While there are a bunch of arguments against New Year’s Resolutions, I don’t see how it can hurt to have a few big goals that you’d like to work on in the coming year. Of course, there are often rules to how to form good goals… We’ve all heard of SMART goals, right?
Well, I can’t always say that SMART goals work, either. At least not for me, or not for everything. And one thing I’d like to work on in the coming year is my patience. Who couldn’t use more of that? I know I definitely can!
I tend to get an idea and then I want to go and work on it right away. The more passionate I am about the idea, the more excited I am to get started! Certainly not a bad trait to have, save for the fact that I have a horrible time doing anything that really isn’t in line with my interests. (Why I struggle so much with homework sometimes.)

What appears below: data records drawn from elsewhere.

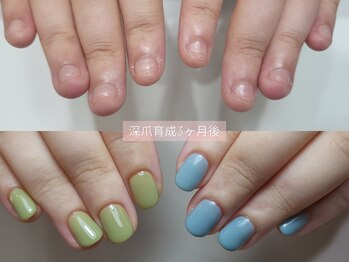 ミンスネイル(Mins Nail)/深爪矯正before&after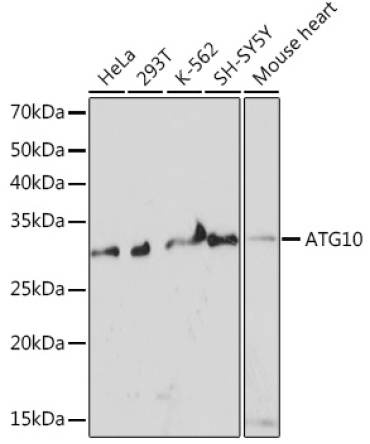 ATG10 Rabbit Monoclonal Antibody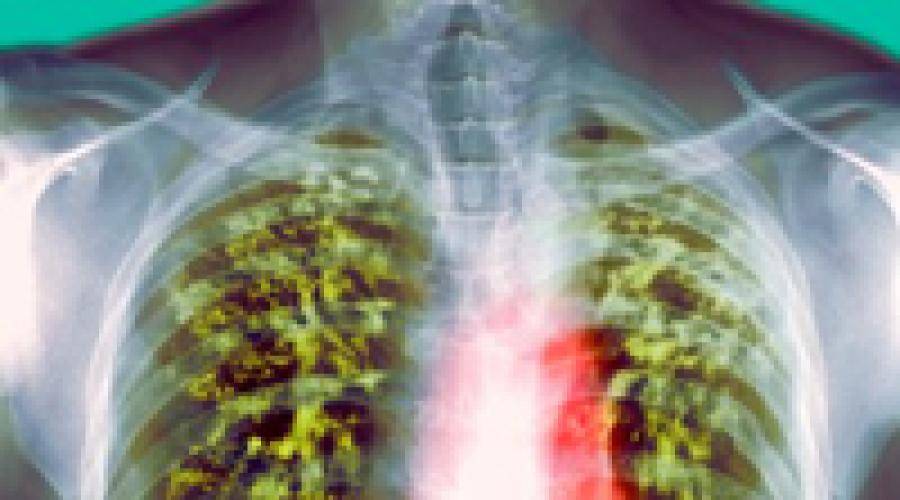 Излечим ли туберкулез легких полностью или нет?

With a lot of projects, though, I can’t just go out and get it done in a day or two. Some things take a lot of time to build, and it’s these things that I sometimes loose patience with. After I work hard towards something for a while, I want to see results! But the results aren’t always the spectacular results I wanted to see… And I end up a bit discouraged. Thankfully, I don’t tend to quit on projects I want to do, but I can suffer some setbacks and may temporarily suspend progress even more.
Patience is important with things like….
My project cars — I get frustrated sometimes because I feel like I never have enough of the money that I need to buy the parts I’d like for my cars. Throwing together the engine swap for my 180SX was crazy, but then I had to have the patience to pick up from the total destruction of the savings for the car and move forward… It wasn’t easy for me, but I just take it one day at a time sometimes. I also have to be patient when I want things for the Miata and the 180, it’s hard for me to afford a lot for both when I don’t earn a whole lot!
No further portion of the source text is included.